> Exercise requirements
Look through the data below and output, unchanged, every line from the one holding "een woonkamer met" through the one holding "91家纺网 家纺一手货源 找家纺", inclusive. Skip the pictures.

> Given entries
++++++++++
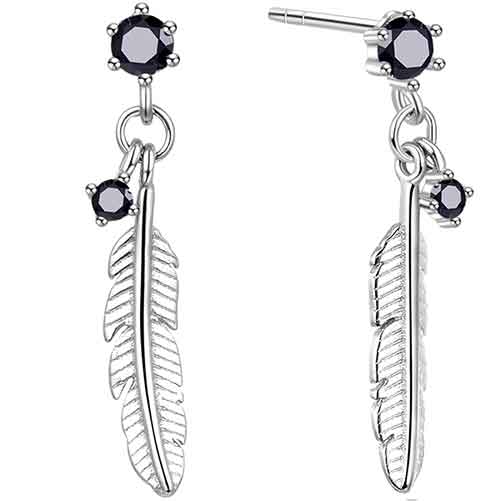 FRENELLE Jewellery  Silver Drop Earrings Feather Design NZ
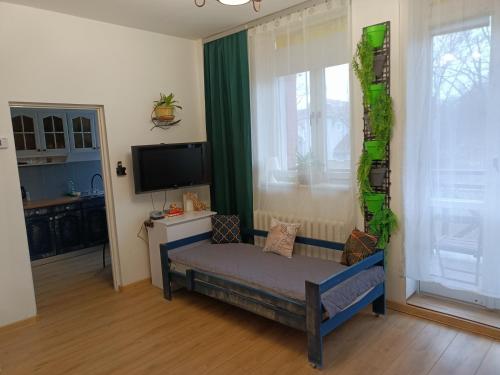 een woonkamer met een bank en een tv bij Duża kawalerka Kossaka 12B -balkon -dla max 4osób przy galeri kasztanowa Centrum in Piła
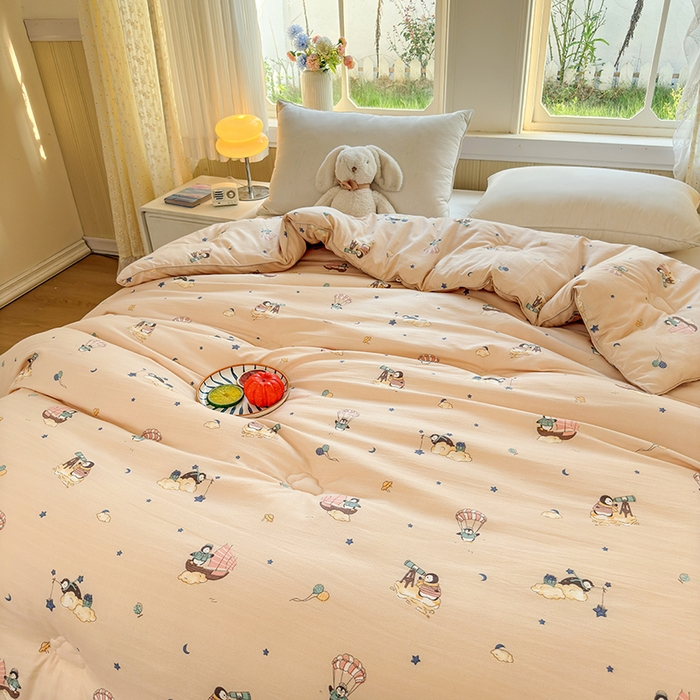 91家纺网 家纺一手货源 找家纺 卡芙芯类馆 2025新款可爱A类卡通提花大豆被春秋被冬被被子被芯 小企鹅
++++++++++
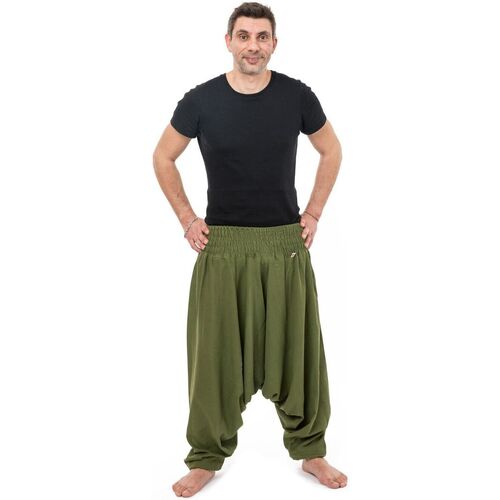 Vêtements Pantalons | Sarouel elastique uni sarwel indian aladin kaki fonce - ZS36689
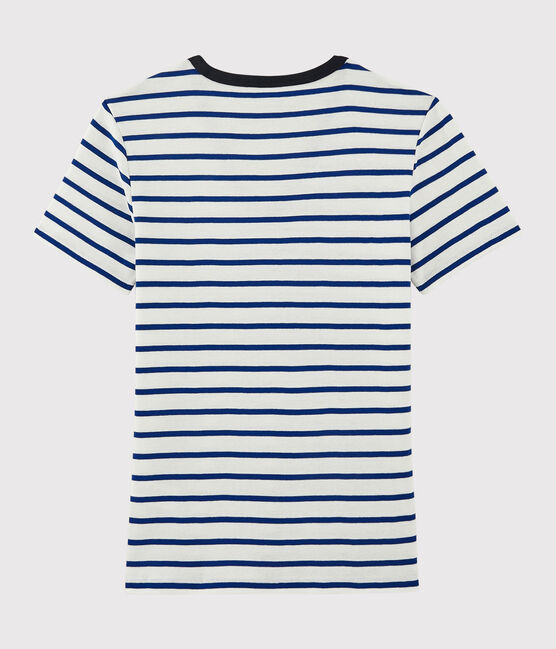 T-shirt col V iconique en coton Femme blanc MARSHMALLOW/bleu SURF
++++++++++
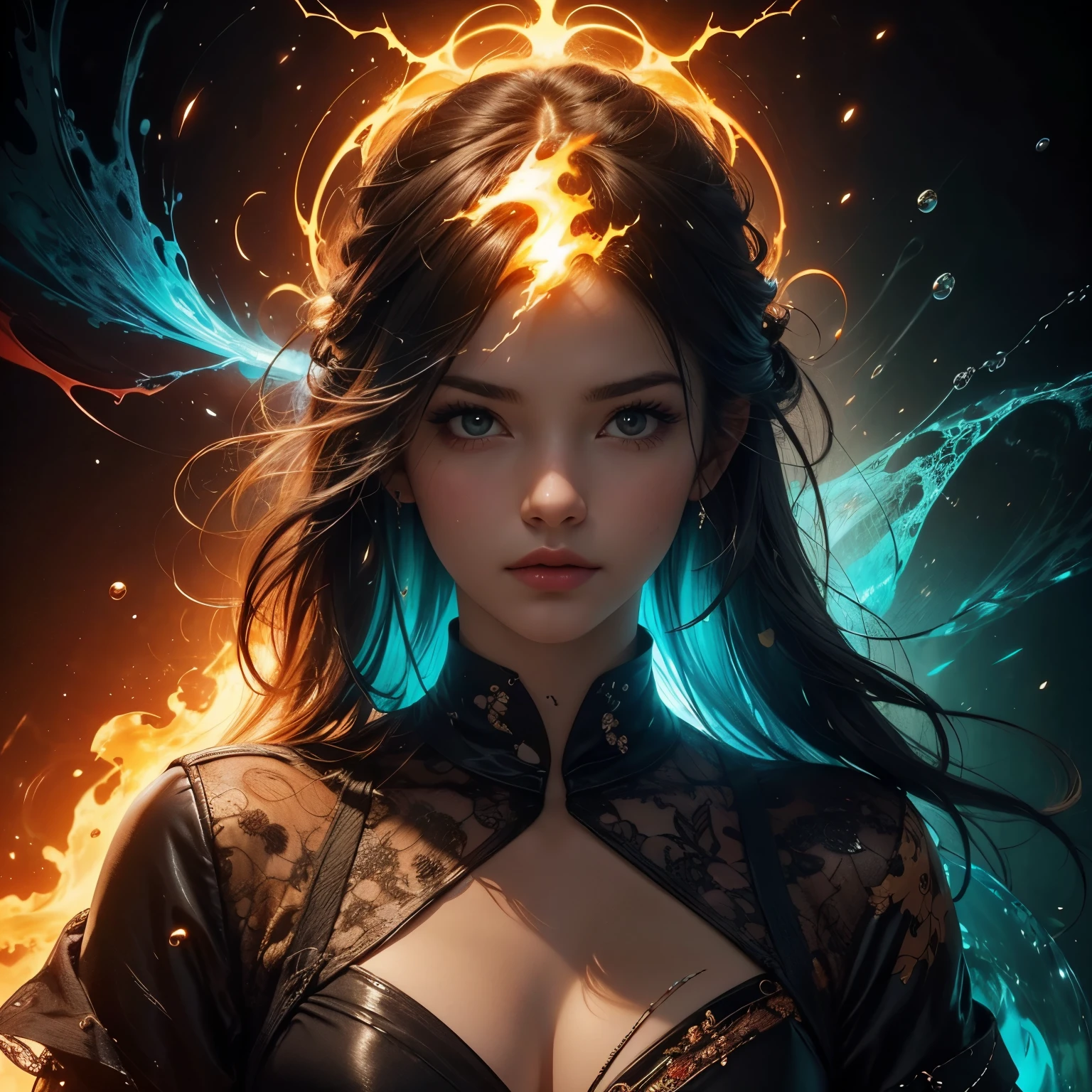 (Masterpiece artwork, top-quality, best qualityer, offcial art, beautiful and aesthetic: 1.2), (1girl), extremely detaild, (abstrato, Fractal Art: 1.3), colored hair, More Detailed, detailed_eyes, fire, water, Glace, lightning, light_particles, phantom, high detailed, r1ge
++++++++++
> Response for this exercise
 een woonkamer met een bank en een tv bij Duża kawalerka Kossaka 12B -balkon -dla max 4osób przy galeri kasztanowa Centrum in Piła
 91家纺网 家纺一手货源 找家纺 卡芙芯类馆 2025新款可爱A类卡通提花大豆被春秋被冬被被子被芯 小企鹅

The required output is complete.